Tierno. Sensual. Excitante.
Había engañado a mi marido, había disfrutado de cada minuto y no había pensado en él ni un segundo. Sólo ahora, mientras cruzábamos las montañas de Transilvania en la limusina de Drácula, pensé en lo que había hecho. El sol brillaba en el cielo, pero gracias a los cristales opacos del coche no me ardía la piel de vampiro, y me pregunté si debía tener remordimientos por Frank. Los tenía. Un poco. Un poco bastante.
Pero ¿debía tenerlos? Estábamos empatados 1-1 poniéndonos los cuernos. O mejor dicho: íbamos 1-8, porque Frank se había ido ocho veces a la cama con su guía erótica, con una mujer más joven y guapa. Por lo tanto, era más que justo que yo me hubiera acostado con un hombre más viejo y guapo en el futón del jet privado (¡los edredones eran para volverse loca!). Podría haberlo hecho siete veces más, y sólo entonces habría habido un empate entre Frank y yo.

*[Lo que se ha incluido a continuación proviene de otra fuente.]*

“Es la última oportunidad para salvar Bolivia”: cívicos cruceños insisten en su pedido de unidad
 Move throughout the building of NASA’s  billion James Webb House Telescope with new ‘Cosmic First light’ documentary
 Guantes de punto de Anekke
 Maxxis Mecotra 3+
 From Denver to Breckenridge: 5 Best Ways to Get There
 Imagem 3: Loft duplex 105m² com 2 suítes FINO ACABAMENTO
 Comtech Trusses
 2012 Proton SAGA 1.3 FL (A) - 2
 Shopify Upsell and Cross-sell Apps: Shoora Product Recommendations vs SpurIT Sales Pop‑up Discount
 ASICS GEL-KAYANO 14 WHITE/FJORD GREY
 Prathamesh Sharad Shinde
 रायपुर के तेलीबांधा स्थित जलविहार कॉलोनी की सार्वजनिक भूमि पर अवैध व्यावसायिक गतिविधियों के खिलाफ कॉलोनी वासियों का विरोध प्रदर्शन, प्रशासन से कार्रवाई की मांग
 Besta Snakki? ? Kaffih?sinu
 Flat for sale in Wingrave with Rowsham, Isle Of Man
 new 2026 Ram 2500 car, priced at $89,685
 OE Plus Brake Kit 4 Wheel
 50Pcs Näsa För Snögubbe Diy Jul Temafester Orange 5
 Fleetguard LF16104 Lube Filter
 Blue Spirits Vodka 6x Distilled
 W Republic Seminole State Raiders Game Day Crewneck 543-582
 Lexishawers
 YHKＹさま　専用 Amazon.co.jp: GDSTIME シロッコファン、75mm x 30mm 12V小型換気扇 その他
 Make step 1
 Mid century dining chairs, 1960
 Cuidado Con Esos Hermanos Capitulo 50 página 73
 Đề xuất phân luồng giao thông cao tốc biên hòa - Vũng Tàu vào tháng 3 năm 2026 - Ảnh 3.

Dios mío, todavía estaba enfadadísima con él, ¿cómo había podido herirme tanto?
—Me gustaría enseñarte algo fantástico —dijo Drácula arrancándome de mis furibundos pensamientos. Tuvo mi mano cogida durante todo el trayecto, como un adolescente enamorado.
—¿Qué es? —pregunté.
—¡Mi hogar!
Señaló un castillo que acababa de aparecer a la vista. Se alzaba sobre una colina y, con sus incontables torres, tenía un aspecto mayestático, majestuoso, impresionante. En comparación, la casa de campo inglesa donde se había mudado Lena con su novio inglés seguro que era miserable.
—Guau… —exclamé.
—Espera a ver el templo de wellness —dijo Drácula sonriendo.
—¿Tienes un templo de wellness? —Eso me pareció más fantástico que un viñedo propio.
—Con baño romano, termas griegas y sauna ayurvédica. Y lo mejor de todo: la luz del sol se filtra a través de un techo de cristal especial y no puede hacernos nada si nos tumbamos junto a mi piscina de agua de mar. Podremos disfrutar del sol sin que nos haga daño.
—Suena maravilloso —dije suspirando impaciente.
—Y lo es. Pero también disfrutarás de algo aún más maravilloso.
—¿De qué? —pregunté con curiosidad.
—De mis masajes.
«Disfrutar» fue poco.
Drácula me dio masajes eróticos en el jardín de orquídeas de su castillo (no me pregunté cómo había conseguido criarlas en las montañas de Transilvania). Sus manos acariciaban de maravilla, y hasta consiguió convertir mis rótulas en zonas erógenas. Después del masaje, hicimos el amor en su baño romano, aromatizado con exquisitas fragancias. A continuación, en el jacuzzi, aromatizado con exquisitas fragancias. ¡Qué bien que mi nuevo cuerpo fuera tan resistente!
Si continuábamos así, Frank y yo pronto habríamos empatado ocho a ocho. Entonces, tal vez tendría que preocuparme por los remordimientos. Pero me había propuesto no saber nada de mi conciencia hasta entonces.
A primera hora de la tarde, cuando salimos del jacuzzi, Drácula me cubrió con un albornoz suave como la seda y ordenó que me sirvieran un té aromático exquisito. Luego me comentó:
—Discúlpame, tengo que ocuparme de unos asuntos profesionales.
—¡Pero vuelve pronto! —exclamé, fingiendo con el índice que lo amenazaba y con una risita tonta de colegiala.
Me quedé sola, tumbada junto a la piscina, debajo del techo de cristal transparente que filtraba el sol de manera agradable, y disfruté de los rayos que me caían en la cara.
Sí, sol, piscina y wellness. Menús de tres estrellas y viajes a países exóticos. Nada de celulitis en los muslos ni en el trasero, y sexo fantástico con un hombre encantador y atractivo… Y la guinda del pastel: también era inmortal. ¡Mi vida de vampira era maravillosa!